In 2023, Karter co-wrote the songs “Let It Ride” and “God in a Dress” for English singer Paloma Faith. Karter continued to expand her presence within the rock genre with her band, Kelsy Karter & the Heroines, receiving the 2024 She Rocks Spirit Award, which recognizes influential women in rock music. That same year, she signed a new deal with United Masters and released the rock opera album Love Made Me Do It through Licorice Pizza Records with Kelsy Karter & the Heroines. In 2025, Karter and her band embarked on a world tour in support of the album and served as an opening act for American rock band Halestorm playing the legendary O2 Arena

Karter has directed many of her band's music videos and has toured the US, Europe and the UK several times fronting her band "Kelsy Karter & The Heroines", consisting of British musicians Sebastian Boyse on drums, Matthew Peach on Guitar and Tommy Gent on bass.

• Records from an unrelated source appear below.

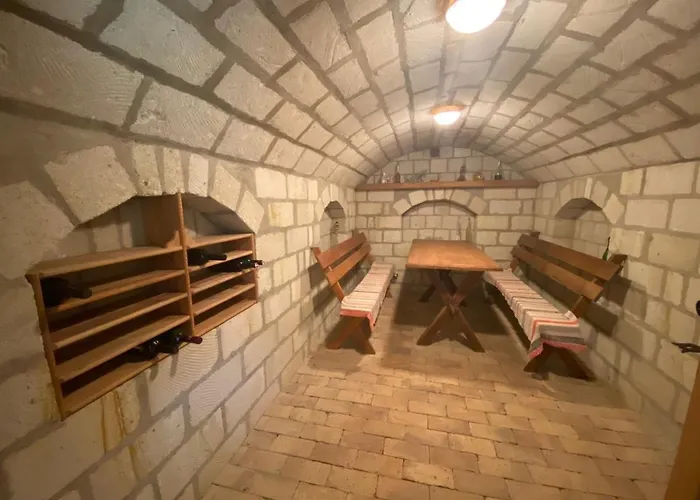 Jeti Vendeghaz Gasthuis Mátraballa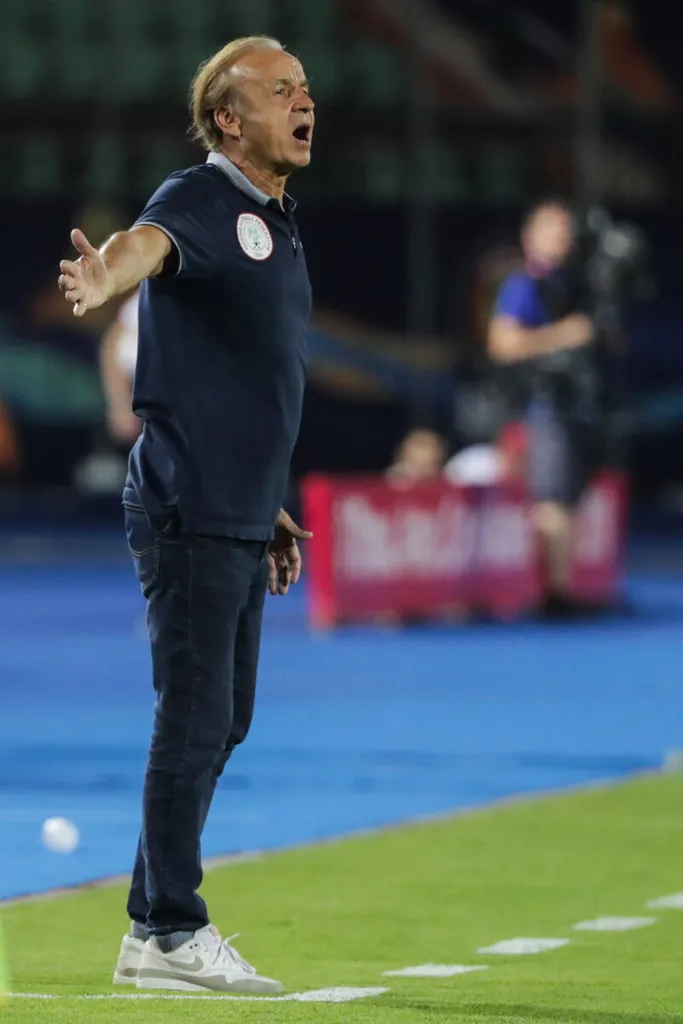 Gernot Rohr: Has time vindicated the former Super Eagles coach?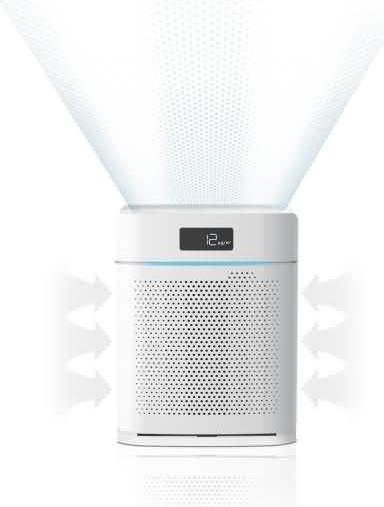 Actual product image Ideal AP 25 (35 m²)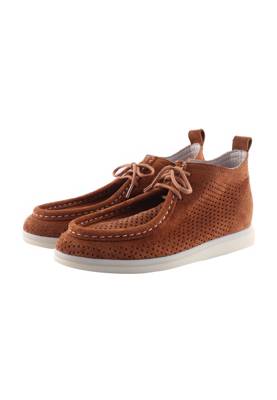 D. MoRo Schnürschuh Felaris Schnürschuhe braun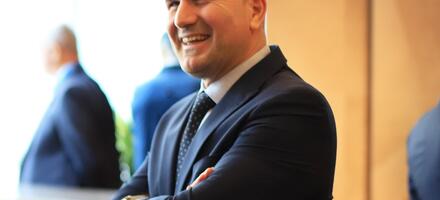 Anar Malikov CQP FCQI Anar Malikov CQP FCQI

Karter sings about her anxieties, relationships, identity, and rebellion against conformity. Her music is imbued with themes of staying true to yourself and embracing your individuality and uniqueness. She describes her relationship with her fans as a "partnership". She says, "I want them to feel strong in their individuality, and to stop caring about what other people think. I hope it helps them to feel both totally vulnerable and completely invincible at the very same time."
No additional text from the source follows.